The night of the election, when things were looking really bad, I started up a bath and cried. I sat there for a long, long time. The optimist in me was sure that we’d see at least a couple typically red states turn blue to show that they were not going to put up with Donald Trump. I did not expect to see my own state of Minnesota, the only state that was blue during the 1984 Reagan election, a light blue. It was so fucking close. That is horrifying and heartbreaking.
The next couple days I had a lot of difficulties keeping myself from spontaneously crying. I cried at work, I cried at home. But Twitter was getting me amped up. There are so many people there who are also upset and ready to put up a fight. So many people compiling helpful resources and actionable things you can do to help. It was exciting, but I also think I jumped into it too soon. Obviously, we should not ever stop fighting for equality and protecting the environment, and all sorts of other things that are more pressing now than ever. But perhaps I should have given myself more time. A number of days after the election, I had the thought, “It’s good that nobody can really tell I’m of Jewish descent by looking at me.” Let’s read that again. It’s good that nobody can really tell I’m of Jewish descent by looking at me. It stopped me in my tracks. Nobody should ever have to think anything like this in a supposedly free country. We have come too far.
After that, I could hardly get myself to do anything. And, to be honest, I’m still struggling. I genuinely don’t think I’ve experienced feelings similar to this since my father died. I’m not trying to be hyperbolic, I’m just trying to say that this despondency and hopelessness feels so much like grieving a loved one. I’m grieving the progress I thought we were making and I’m grieving all the potential steps backward our country could take and I’m grieving for the feeling of safety my friends and family have lost here.

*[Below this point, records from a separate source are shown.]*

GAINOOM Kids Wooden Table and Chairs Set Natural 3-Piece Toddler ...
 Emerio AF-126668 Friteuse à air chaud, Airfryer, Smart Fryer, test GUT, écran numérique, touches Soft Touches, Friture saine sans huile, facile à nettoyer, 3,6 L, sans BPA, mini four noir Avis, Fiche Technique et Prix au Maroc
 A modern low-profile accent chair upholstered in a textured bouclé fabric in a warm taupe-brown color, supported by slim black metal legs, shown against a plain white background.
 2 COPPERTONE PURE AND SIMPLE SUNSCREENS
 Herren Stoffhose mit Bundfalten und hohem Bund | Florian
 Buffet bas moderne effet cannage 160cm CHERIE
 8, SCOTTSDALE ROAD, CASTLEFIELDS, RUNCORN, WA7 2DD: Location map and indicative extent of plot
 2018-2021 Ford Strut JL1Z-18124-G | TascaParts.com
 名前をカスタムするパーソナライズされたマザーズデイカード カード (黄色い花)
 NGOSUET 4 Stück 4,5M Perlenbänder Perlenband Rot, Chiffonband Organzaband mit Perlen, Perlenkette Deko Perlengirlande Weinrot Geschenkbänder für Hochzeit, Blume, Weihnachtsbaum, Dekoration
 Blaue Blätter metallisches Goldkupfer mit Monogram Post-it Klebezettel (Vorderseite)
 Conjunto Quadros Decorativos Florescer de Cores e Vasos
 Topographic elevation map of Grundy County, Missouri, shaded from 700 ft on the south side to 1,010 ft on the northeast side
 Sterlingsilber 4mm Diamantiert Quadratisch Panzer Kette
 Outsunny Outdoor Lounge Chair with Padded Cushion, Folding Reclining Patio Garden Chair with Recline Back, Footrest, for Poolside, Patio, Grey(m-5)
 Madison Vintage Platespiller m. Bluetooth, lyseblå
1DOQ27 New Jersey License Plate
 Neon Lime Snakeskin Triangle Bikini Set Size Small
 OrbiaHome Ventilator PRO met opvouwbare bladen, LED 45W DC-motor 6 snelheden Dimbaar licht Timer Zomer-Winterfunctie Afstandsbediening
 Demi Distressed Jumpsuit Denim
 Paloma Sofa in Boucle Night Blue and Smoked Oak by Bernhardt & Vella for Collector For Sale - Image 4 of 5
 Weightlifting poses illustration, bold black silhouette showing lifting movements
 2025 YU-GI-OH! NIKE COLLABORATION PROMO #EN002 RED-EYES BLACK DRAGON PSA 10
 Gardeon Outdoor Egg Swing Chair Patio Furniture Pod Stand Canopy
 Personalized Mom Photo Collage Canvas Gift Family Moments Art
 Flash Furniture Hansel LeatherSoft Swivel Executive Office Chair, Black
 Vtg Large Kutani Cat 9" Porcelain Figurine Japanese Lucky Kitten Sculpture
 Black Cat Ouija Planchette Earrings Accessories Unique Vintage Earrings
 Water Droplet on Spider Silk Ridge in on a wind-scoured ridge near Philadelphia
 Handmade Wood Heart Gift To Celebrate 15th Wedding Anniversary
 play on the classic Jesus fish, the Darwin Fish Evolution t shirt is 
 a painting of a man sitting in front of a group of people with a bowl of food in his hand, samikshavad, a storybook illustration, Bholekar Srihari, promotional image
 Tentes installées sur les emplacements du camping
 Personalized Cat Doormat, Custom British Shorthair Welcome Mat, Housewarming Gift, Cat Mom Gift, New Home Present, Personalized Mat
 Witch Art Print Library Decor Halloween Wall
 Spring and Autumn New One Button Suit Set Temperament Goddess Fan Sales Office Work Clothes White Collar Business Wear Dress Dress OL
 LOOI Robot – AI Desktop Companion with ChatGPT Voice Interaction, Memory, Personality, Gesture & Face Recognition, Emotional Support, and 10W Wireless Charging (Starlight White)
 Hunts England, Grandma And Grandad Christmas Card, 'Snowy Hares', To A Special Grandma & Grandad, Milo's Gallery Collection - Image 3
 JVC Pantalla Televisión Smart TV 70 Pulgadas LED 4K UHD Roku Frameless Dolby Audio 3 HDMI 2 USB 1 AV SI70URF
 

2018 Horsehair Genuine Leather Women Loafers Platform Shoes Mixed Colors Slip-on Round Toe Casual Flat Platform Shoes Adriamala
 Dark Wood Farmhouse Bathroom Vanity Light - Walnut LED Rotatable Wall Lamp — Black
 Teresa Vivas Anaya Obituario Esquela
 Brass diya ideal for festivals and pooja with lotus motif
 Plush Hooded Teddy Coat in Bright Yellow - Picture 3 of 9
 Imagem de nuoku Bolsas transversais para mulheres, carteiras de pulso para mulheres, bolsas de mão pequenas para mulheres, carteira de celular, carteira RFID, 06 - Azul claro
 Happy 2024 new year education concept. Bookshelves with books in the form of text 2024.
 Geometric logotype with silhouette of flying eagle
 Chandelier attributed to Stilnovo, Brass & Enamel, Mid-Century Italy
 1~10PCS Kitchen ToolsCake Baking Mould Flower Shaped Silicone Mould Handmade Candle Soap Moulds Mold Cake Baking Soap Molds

I want to apologize to my readers for not being present and for not responding to comments. I read and appreciate them all. I want to apologize to publishers & authors who have given me copies of books to review. I haven’t read more than 50 pages in the past 3 weeks or so.
I had every intention of following along with the routines I had finally put in place for myself. Everything just sort of fell apart this month. I haven’t read, I haven’t written (sorry, NaNoWriMo), I haven’t exercised, I haven’t talked to you wonderful bookish people, I haven’t done many of the things that make me feel good and enrich my life. I’ve spent WAY too much time playing Animal Crossing (if you want to visit my town, hit me up). Now, I’m left to slowly rebuild everything I had made for myself, but now I have to navigate with some new priorities. I don’t know if I’m ready, but I want to be. I have some relatively big ideas and goals now. I’m beginning to realize what’s really important and what I’ll regret not doing in my lifetime. I’m just going to take it a day at a time, making sure to do something for myself and something for somebody else each day. It’s time to rebuild and go further.
When people say, “Don’t just sit there, do something,” they’re urging you to act. But if the quality of your being is poor—if you don’t have enough peace, understanding, and equanimity, if you still have a lot of anger and worries—then your actions will also be poor. - Thich Nhat Hanh, "How To Sit"
I’m going to get myself back to a state of normalcy and health, but only to create a strong base within myself. I will never stop fighting. I refuse to let any of this be normal.